----- Records to use -----

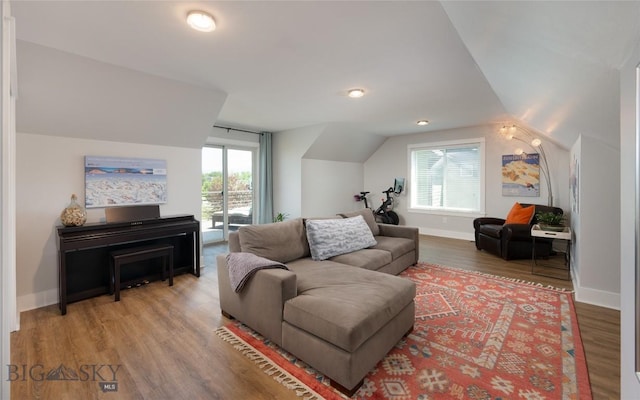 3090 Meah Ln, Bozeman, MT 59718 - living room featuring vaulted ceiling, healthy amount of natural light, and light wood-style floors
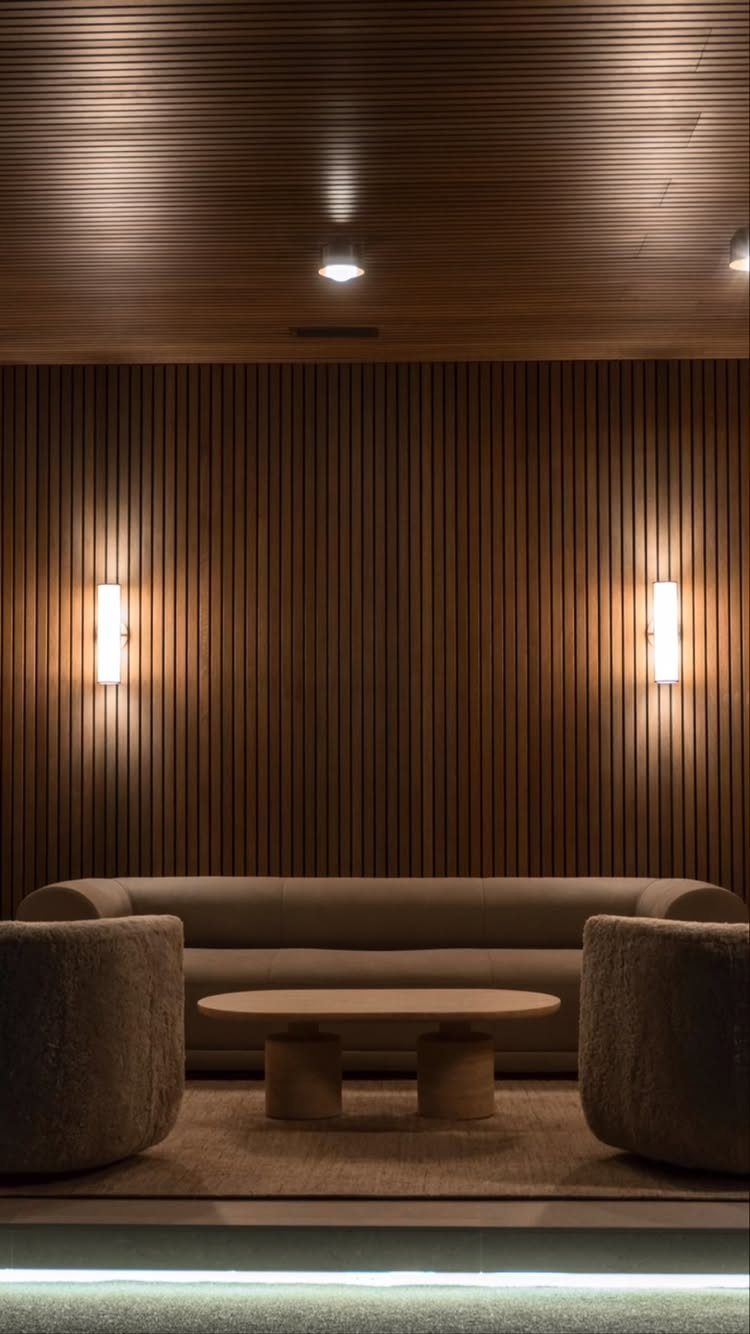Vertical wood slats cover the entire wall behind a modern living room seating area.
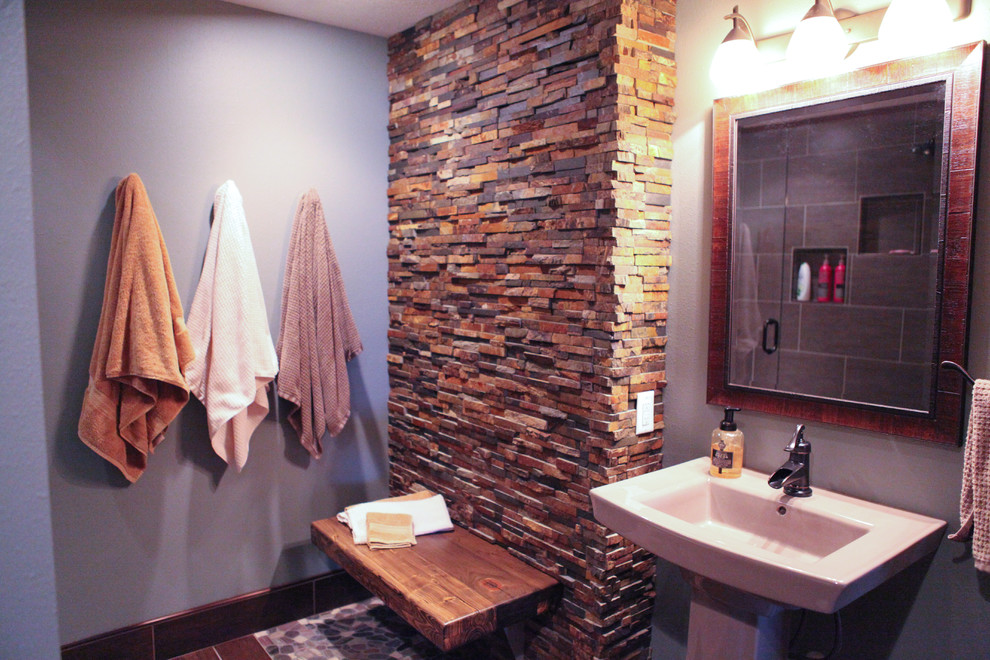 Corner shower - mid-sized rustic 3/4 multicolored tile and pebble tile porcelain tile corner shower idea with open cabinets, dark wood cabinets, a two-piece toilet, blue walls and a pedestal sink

-----
----- Records to use -----

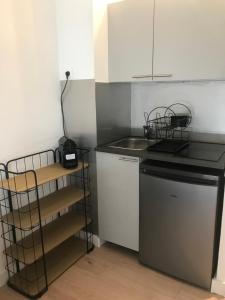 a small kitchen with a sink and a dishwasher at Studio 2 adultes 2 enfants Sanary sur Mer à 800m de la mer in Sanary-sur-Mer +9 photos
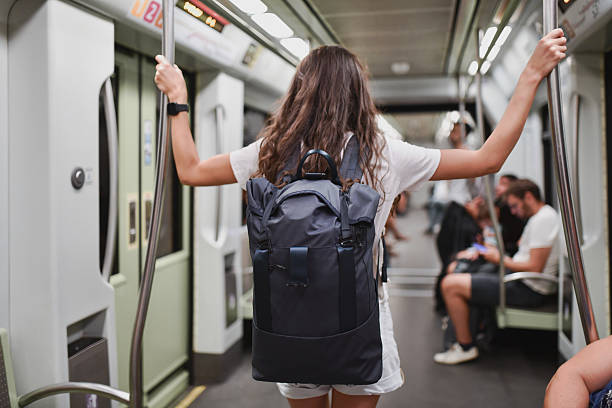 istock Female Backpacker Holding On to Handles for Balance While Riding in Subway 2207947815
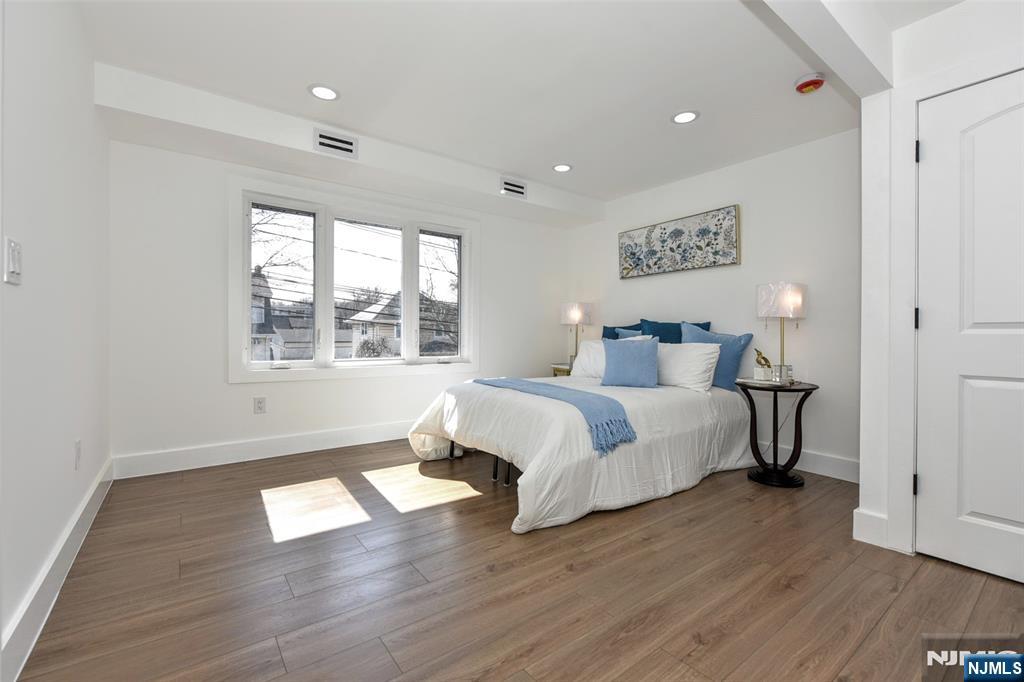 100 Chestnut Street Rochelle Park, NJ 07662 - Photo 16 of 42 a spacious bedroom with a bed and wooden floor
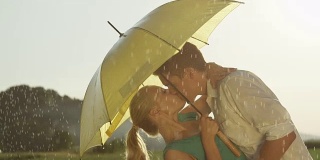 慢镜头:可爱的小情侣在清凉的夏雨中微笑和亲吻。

-----

# Exercise aim
Please copy the lines above exactly, starting at the line that holds "a small kitchen" and ending at the line that holds "慢镜头:可爱的小情侣在清凉的夏雨中微笑和亲吻。"; include both, but no pictures.

# Response below
 a small kitchen with a sink and a dishwasher at Studio 2 adultes 2 enfants Sanary sur Mer à 800m de la mer in Sanary-sur-Mer +9 photos
 istock Female Backpacker Holding On to Handles for Balance While Riding in Subway 2207947815
 100 Chestnut Street Rochelle Park, NJ 07662 - Photo 16 of 42 a spacious bedroom with a bed and wooden floor
 慢镜头:可爱的小情侣在清凉的夏雨中微笑和亲吻。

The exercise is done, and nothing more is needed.